Oh, dear readers, much have I to say and to share. Where to begin? My story is a “…long story, and like most stories in the world, never finished. There was an ending–there always is–but the story went on past the ending–it always does” (Jeanette Winterson, Lighthousing, 11).
This year is one of endings and new beginnings. It is a year of stripping down to the core to rebuild stronger and more attuned to my life goals and mission. Since my last post, much has changed and developed. Allow me to give a quick tour of the new furnishings.
After my obligations to Monmouth Academy were met, I moved to Salem Massachusetts where I live in a large and spacious house with four other people. When I was first considering living arrangements, I was quite certain that living alone would be best. But I fell in love with the house and the inhabitants. This house has amazing energy and we are all so supportive of each other. I could not imagine living anywhere else. I am walking distance to the train, to down town, and to my friends’ homes. I could not ask for more.
I’ve been visiting the Boston area since early spring to spend time with a good friend who supported me during my transition after separating from Allan. This friend showed great love and compassion, and introduced me to one of his friend’s, who has become a bedrock in my life. Shana, thank you.

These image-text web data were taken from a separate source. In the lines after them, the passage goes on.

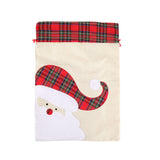 NNEDSZ Large Santa Claus Gift Bag with Drawstring Closure - Plaid Christmas Sack for Holiday Presents (3 pieces)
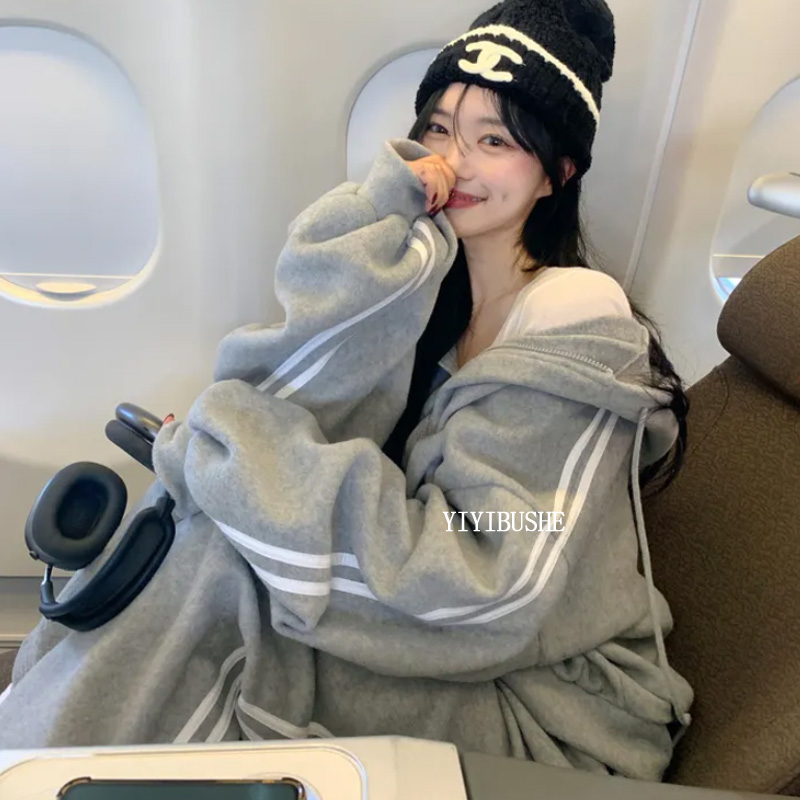 温暖拉绒连帽卫衣+休闲裤套装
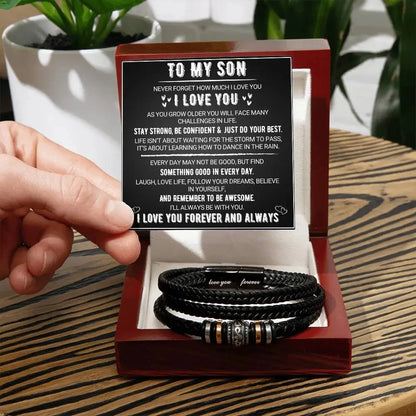 To My Son - "Love You Forever" Bracelet Gift Set with Wooden box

Honestly, things are still working their way through. Transitions and endings are rarely simple. And I’m lucky that this one is as easy as it is. The divorce papers just went in. My name will be changing soon, but not to my maiden. I’m still looking for a job. But, all things in time. Everything you need. I have faith that my hard work and dedication to seeking employment will produce results.
Through all of this, I have kept my chin up. How, I don’t know. I am so tired all the time. I feel battered and bruised. But I find it within me to smile. To love. To encourage those around me. By lifting up someone else, I can’t help but lift up myself.
And I’m ready for my new life. I really am. I have embraced these changes and have come to love the new people in my life, continue to love the people who have always been there, and have come to love this new and strange environment that is Massachusetts. I am moving out of the woods though it still seems dark. “We are lucky, even the worst of us, because daylight comes” (Jeanette Winterson, Lighthousing, 9). This world is a wondrous place, scary and dark at times, but wonderful none-the-less!
I wish you well, my friends. Good night.
(P. S. This is a sloppy post: there was no editing prior to publishing. I simply wanted to break the silence. More will come soon to fill in the gaps in this post.)